_What to work on_
Pictures are not repeated. Every line from the beginning of the entries through the one with "Short deportivo negro, de" is restated exactly.

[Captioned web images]
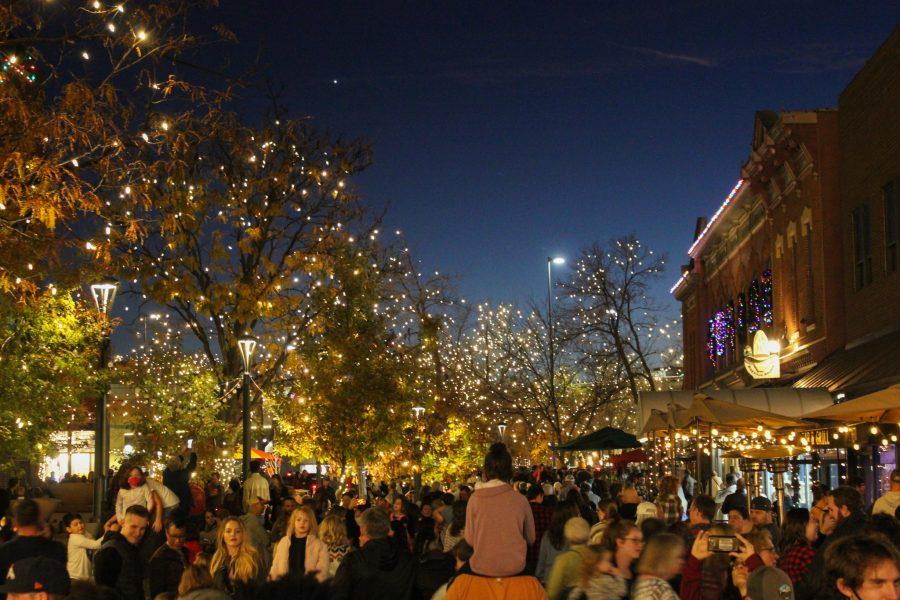 A young girl sits on her father’s shoulders as they walk the lit streets of Old Town Fort Collins, Nov 5. The streets were crowded with people enjoying the open shops and the holiday lights.  (Sophia Stern | The Collegian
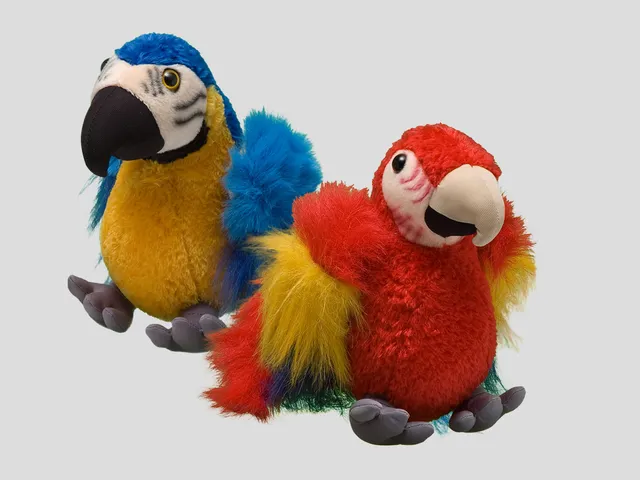 A red and blue macaw plush against a gray background.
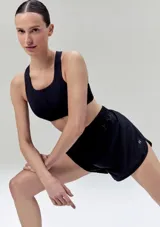 Short deportivo negro, de tela liviana y brillante, con cintura elástica fruncida y corte redondeado en el ruedo.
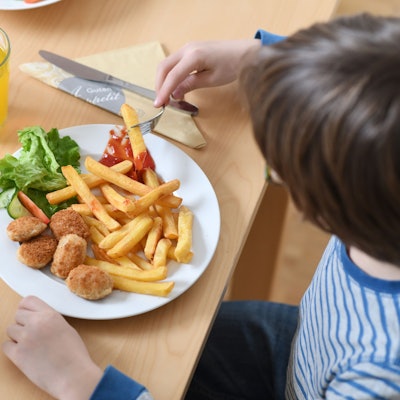 Ein Kind isst Pommes mit Fleisch: Der designierte Agrarminister Alois Rainer hat eine Debatte über Fleisch auf den Speiseplänen von Kitas und Schulen ausgelöst. (Archivbild)
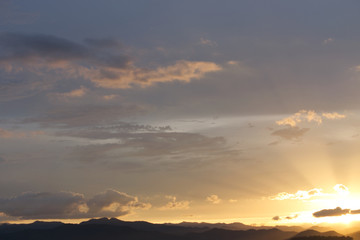 View of evening sky at sunset over the lake, Kang Krajarn National Park, Petchburi, Thailand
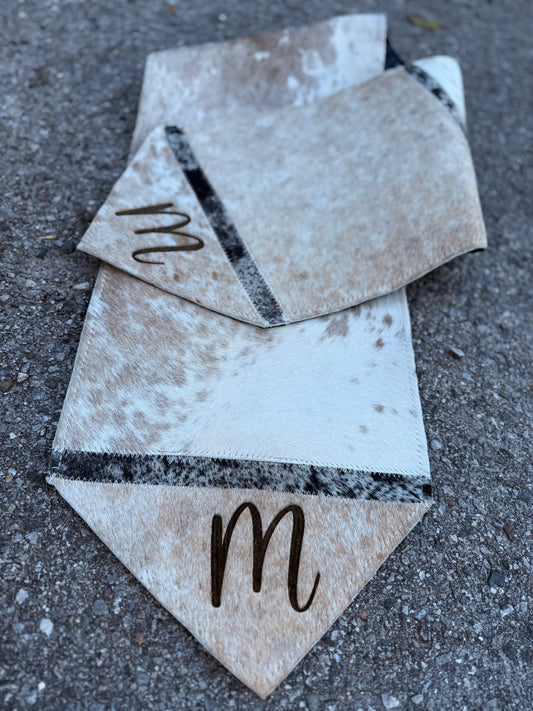Table runner includes engraving initial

_Response to this exercise_
 A young girl sits on her father’s shoulders as they walk the lit streets of Old Town Fort Collins, Nov 5. The streets were crowded with people enjoying the open shops and the holiday lights.  (Sophia Stern | The Collegian
 A red and blue macaw plush against a gray background.
 Short deportivo negro, de tela liviana y brillante, con cintura elástica fruncida y corte redondeado en el ruedo.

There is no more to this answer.